История человеческих глаз во многом напоминает историю автомобилей. Возьмем, к примеру, «шевроле-корвет». Мы можем проследить историю этой модели в целом, а можем — историю каждой из ее деталей по отдельности. История «корвета» началась давно: впервые эта модель была выпущена в 1953 году, и ее продолжали выпускать во все последующие годы в постепенно меняющихся вариантах. Есть своя история и у покрышек «корвета», как есть она и у резины, используемой для их изготовления. Все это во многом аналогично истории наших тел и органов. У нашего глаза есть своя история, но есть она и у его составных частей, его клеток и тканей, а также у генов, на основе которых формируются все эти структуры. Если мы разберемся во всех многочисленных пластах истории наших органов, мы поймем, что мы по сути представляем собой сложную мозаику из деталей, которые в том или ином виде есть и у огромного множества других существ на нашей планете.
Обработка зрительных образов происходит в основном у нас в мозгу. Роль глаз ограничивается тем, чтобы улавливать свет и передавать информацию о нем в мозг, где эта информация будет обработана. Наши глаза, как и глаза всех позвоночных животных, устроены по принципу фотоаппарата. После того как свет попадает в глаз, он фокусируется на своеобразном экране, расположенном в глубине глаза. На пути к этому экрану свет проходит через несколько прозрачных слоев. Сперва он проходит через роговицу — тонкий слой ткани, покрывающей глаз спереди, — и попадает в камеру, заполненную жидкостью — водянистой влагой. Количество света, идущего дальше, регулируется радужной оболочкой. В ней расположено отверстие — зрачок, который благодаря непроизвольным сокращениям миниатюрных мышц может расширяться и сужаться подобно диафрагме фотоаппарата. Затем свет проходит сквозь хрусталик, который, как линза в объективе фотоаппарата, предназначен для фокусировки изображения. Хрусталик тоже окружают миниатюрные мышцы, которые, сокращаясь, меняют его форму и позволяют фокусировать свет, идущий как от далеких, так и от близких объектов, то есть наводить на резкость. Хрусталик здорового человека прозрачен и состоит из особых белков, определяющих наряду с формой поверхности его оптические свойства. Эти белки, которые называют кристаллинами, существуют необычайно долго, благодаря чему хрусталик может успешно функционировать в течение всей нашей жизни. После хрусталика свет проходит через прозрачное стекловидное тело и попадает на расположенный в глубине экран. Этот экран (сетчатка), на который проецируются изображения видимых нами объектов, набит кровеносными сосудами и светочувствительными клетками. Эти клетки и посылают в наш мозг сигналы, которые мозг интерпретирует как элементы зрительных образов. Светочувствительных клеток у нас два типа. Клетки первого типа (палочки) более чувствительны к свету, клетки второго (колбочки) — менее. Более чувствительные клетки воспринимают свет только в черно-белом виде, а менее чувствительные способны воспринимать цвета. По соотношению палочек и колбочек в сетчатке животного можно определить, к ночному или к дневному образу жизни оно приспособлено. Светочувствительные клетки сетчатки составляют у человека около 70 % всех чувствительных клеток тела — яркое свидетельство того, какую важную роль играет в нашей жизни зрение.

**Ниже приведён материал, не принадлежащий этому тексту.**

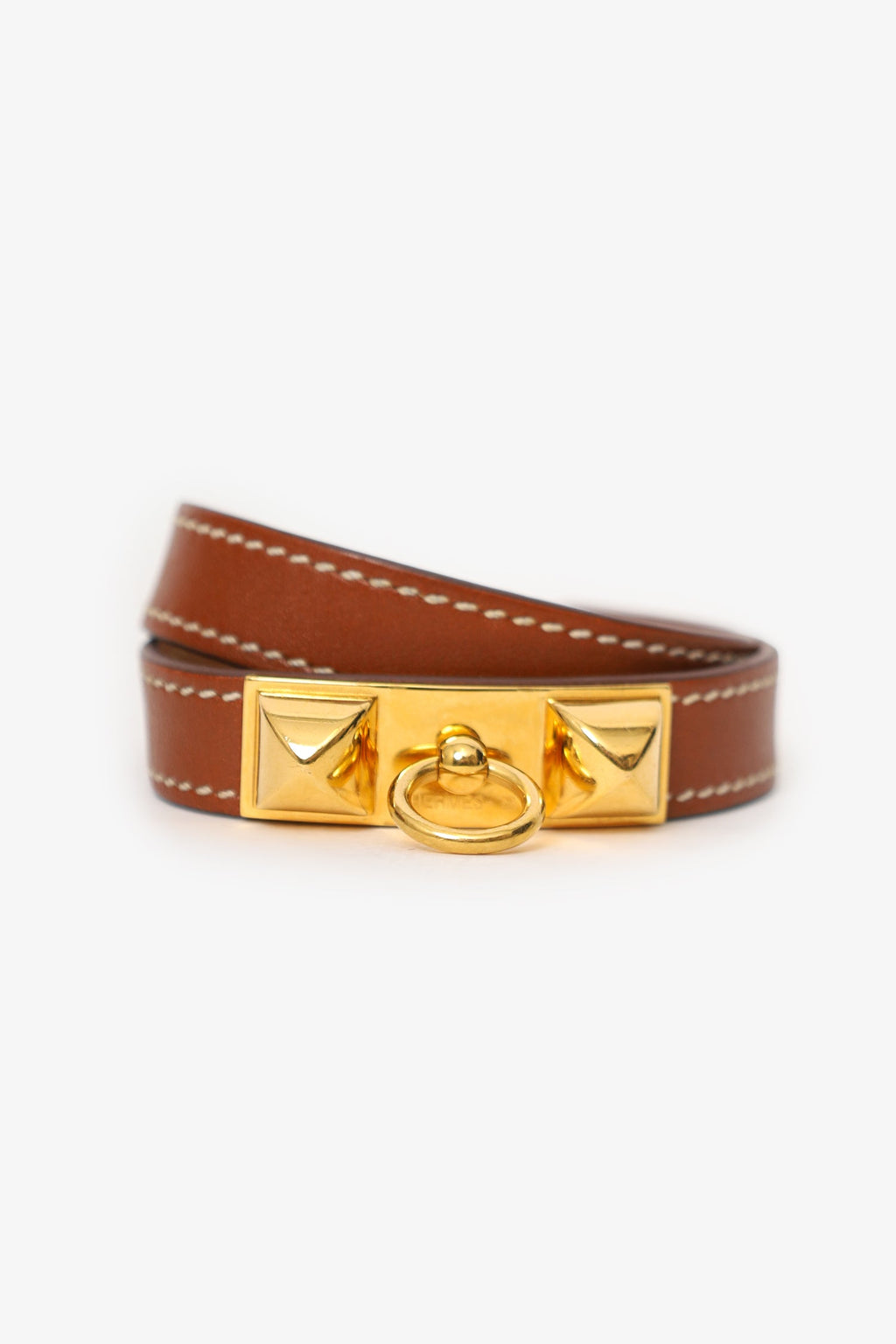 Hermès Brown Swift Leather Rivale Double Tour Bracelet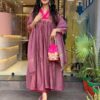 mauve pink anarkali suit set with embroidered yoke & dupatta for women | festive & ethnic wear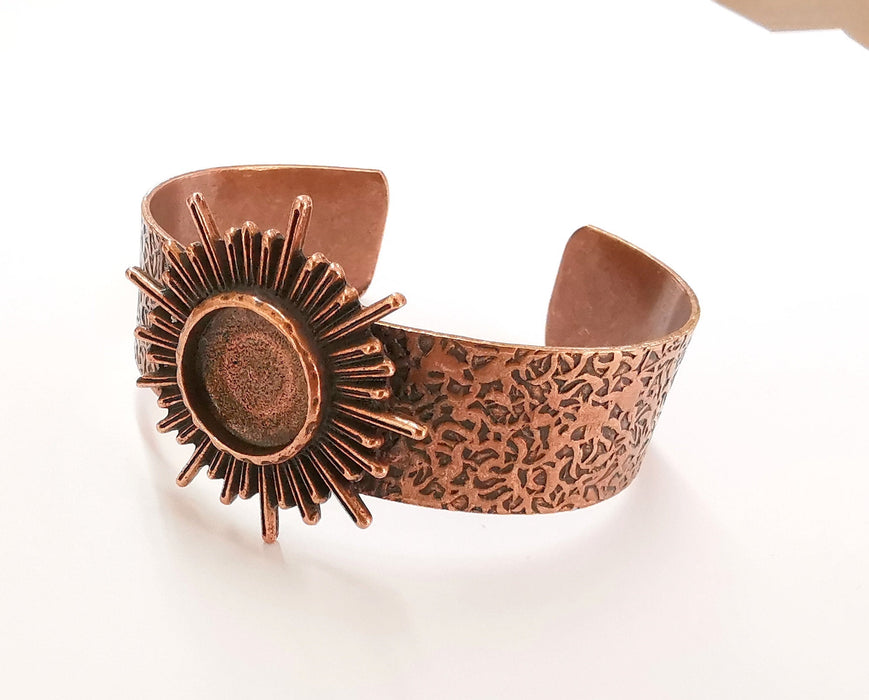 Sun Bracelet Blank Resin Bangle Dry Flower inlay Blank Cuff Bezel Glass Cabochon Base Textured Adjustable Antique Copper (16mm ) G20455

Глаза того же типа, что наши, похожие на фотоаппарат, характерны для всех животных, наделенных позвоночником и черепом, от миног до млекопитающих. У животных из других групп мы находим глаза разного типа — от простых скоплений светочувствительных клеток до сложных глаз, собранных из множества линз, таких как глаза мухи, и до примитивных подобий наших собственных глаз. Чтобы разобраться в истории наших органов зрения, нужно прежде всего разобраться в родственных отношениях структур, из которых состоят наши глаза, и структур, образующих глаза других типов.